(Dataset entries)
--------------------
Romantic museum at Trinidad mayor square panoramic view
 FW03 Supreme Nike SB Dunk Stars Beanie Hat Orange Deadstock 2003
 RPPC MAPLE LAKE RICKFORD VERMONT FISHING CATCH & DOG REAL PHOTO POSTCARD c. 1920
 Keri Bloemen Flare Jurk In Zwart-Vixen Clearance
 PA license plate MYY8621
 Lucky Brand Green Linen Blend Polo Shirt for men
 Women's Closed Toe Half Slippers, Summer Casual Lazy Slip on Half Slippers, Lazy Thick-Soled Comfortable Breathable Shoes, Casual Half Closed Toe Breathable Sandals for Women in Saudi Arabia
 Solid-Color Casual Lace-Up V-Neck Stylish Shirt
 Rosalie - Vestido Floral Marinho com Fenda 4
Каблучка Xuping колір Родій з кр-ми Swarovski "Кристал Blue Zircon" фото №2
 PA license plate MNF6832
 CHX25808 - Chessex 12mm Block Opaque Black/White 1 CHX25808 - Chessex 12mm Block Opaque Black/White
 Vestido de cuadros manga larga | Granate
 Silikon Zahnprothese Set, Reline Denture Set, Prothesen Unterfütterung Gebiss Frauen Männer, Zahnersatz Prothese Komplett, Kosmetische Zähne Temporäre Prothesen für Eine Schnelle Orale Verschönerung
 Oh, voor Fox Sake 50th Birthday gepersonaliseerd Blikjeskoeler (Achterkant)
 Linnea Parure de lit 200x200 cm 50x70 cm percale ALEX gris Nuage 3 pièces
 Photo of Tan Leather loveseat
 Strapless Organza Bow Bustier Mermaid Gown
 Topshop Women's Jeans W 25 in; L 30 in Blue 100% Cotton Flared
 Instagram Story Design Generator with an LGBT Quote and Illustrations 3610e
--------------------
Where the line containing "RPPC MAPLE LAKE" appears in the records above, begin copying and continue through the last line; copy each line exactly and include no others.

 RPPC MAPLE LAKE RICKFORD VERMONT FISHING CATCH & DOG REAL PHOTO POSTCARD c. 1920
 Keri Bloemen Flare Jurk In Zwart-Vixen Clearance
 PA license plate MYY8621
 Lucky Brand Green Linen Blend Polo Shirt for men
 Women's Closed Toe Half Slippers, Summer Casual Lazy Slip on Half Slippers, Lazy Thick-Soled Comfortable Breathable Shoes, Casual Half Closed Toe Breathable Sandals for Women in Saudi Arabia
 Solid-Color Casual Lace-Up V-Neck Stylish Shirt
 Rosalie - Vestido Floral Marinho com Fenda 4
Каблучка Xuping колір Родій з кр-ми Swarovski "Кристал Blue Zircon" фото №2
 PA license plate MNF6832
 CHX25808 - Chessex 12mm Block Opaque Black/White 1 CHX25808 - Chessex 12mm Block Opaque Black/White
 Vestido de cuadros manga larga | Granate
 Silikon Zahnprothese Set, Reline Denture Set, Prothesen Unterfütterung Gebiss Frauen Männer, Zahnersatz Prothese Komplett, Kosmetische Zähne Temporäre Prothesen für Eine Schnelle Orale Verschönerung
 Oh, voor Fox Sake 50th Birthday gepersonaliseerd Blikjeskoeler (Achterkant)
 Linnea Parure de lit 200x200 cm 50x70 cm percale ALEX gris Nuage 3 pièces
 Photo of Tan Leather loveseat
 Strapless Organza Bow Bustier Mermaid Gown
 Topshop Women's Jeans W 25 in; L 30 in Blue 100% Cotton Flared
 Instagram Story Design Generator with an LGBT Quote and Illustrations 3610e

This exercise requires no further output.